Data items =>
**********
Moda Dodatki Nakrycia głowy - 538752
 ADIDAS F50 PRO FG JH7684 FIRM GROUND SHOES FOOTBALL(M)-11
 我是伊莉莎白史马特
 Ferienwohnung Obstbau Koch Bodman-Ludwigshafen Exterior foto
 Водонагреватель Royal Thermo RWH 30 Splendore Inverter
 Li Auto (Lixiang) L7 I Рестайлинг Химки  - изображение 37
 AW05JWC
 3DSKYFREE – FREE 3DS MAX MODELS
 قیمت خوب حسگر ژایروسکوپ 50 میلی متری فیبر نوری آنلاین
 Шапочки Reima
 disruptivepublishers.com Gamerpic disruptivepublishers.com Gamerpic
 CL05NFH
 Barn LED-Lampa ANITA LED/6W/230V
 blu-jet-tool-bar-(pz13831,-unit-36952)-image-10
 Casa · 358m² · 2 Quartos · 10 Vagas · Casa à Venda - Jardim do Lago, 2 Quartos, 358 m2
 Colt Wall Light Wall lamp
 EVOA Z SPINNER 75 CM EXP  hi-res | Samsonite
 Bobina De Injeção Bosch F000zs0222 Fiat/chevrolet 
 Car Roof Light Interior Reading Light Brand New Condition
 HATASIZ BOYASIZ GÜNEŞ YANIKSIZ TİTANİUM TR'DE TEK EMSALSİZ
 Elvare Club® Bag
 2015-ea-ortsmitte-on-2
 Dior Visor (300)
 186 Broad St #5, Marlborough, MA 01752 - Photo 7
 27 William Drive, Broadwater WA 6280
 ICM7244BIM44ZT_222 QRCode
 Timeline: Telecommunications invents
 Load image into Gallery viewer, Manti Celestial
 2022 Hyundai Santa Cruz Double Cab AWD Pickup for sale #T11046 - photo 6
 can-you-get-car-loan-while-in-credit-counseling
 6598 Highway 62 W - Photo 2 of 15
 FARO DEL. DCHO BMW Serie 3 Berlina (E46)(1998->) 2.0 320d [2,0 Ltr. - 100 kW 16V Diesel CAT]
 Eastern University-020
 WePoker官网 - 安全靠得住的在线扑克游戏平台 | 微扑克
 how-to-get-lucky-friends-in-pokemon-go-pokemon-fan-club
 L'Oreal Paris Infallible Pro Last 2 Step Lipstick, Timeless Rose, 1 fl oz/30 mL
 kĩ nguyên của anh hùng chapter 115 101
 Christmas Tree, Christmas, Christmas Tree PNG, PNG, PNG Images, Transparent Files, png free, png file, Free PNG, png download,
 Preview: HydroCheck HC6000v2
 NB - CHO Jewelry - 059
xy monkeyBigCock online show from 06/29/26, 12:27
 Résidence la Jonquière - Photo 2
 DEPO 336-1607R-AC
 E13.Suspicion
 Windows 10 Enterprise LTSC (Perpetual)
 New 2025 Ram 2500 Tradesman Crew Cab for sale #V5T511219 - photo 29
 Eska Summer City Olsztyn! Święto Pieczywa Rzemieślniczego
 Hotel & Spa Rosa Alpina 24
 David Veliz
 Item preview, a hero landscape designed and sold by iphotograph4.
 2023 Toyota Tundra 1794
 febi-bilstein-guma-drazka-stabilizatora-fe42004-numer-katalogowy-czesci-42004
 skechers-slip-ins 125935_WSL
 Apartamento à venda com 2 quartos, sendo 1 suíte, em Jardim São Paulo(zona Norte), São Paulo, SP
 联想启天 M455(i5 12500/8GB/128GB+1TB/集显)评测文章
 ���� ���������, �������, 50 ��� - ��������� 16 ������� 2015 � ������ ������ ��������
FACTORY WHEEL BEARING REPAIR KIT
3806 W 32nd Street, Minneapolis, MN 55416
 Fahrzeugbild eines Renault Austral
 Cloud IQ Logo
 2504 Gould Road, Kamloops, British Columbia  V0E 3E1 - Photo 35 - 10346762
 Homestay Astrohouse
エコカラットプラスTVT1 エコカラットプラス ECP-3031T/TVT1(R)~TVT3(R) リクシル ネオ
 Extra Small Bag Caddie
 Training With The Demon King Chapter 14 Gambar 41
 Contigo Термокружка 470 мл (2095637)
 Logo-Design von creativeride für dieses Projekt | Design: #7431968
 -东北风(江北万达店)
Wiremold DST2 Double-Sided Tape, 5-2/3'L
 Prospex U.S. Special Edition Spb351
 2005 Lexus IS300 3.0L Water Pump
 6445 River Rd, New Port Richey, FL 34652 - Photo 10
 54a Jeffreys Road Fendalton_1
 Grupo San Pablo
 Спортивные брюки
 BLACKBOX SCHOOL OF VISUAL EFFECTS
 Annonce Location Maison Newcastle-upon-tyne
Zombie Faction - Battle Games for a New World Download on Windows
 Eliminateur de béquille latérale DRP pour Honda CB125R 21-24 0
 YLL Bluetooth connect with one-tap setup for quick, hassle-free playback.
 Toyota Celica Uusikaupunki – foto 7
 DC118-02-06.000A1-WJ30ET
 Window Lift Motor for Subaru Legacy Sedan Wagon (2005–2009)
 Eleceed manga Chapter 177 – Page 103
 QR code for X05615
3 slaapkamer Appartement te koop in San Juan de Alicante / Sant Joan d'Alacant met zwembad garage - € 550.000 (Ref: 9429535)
**********
Your instructions => Which of the lines above include the word "Jardim"? Copy each of them.

Response to this task =>
 Casa · 358m² · 2 Quartos · 10 Vagas · Casa à Venda - Jardim do Lago, 2 Quartos, 358 m2
 Apartamento à venda com 2 quartos, sendo 1 suíte, em Jardim São Paulo(zona Norte), São Paulo, SP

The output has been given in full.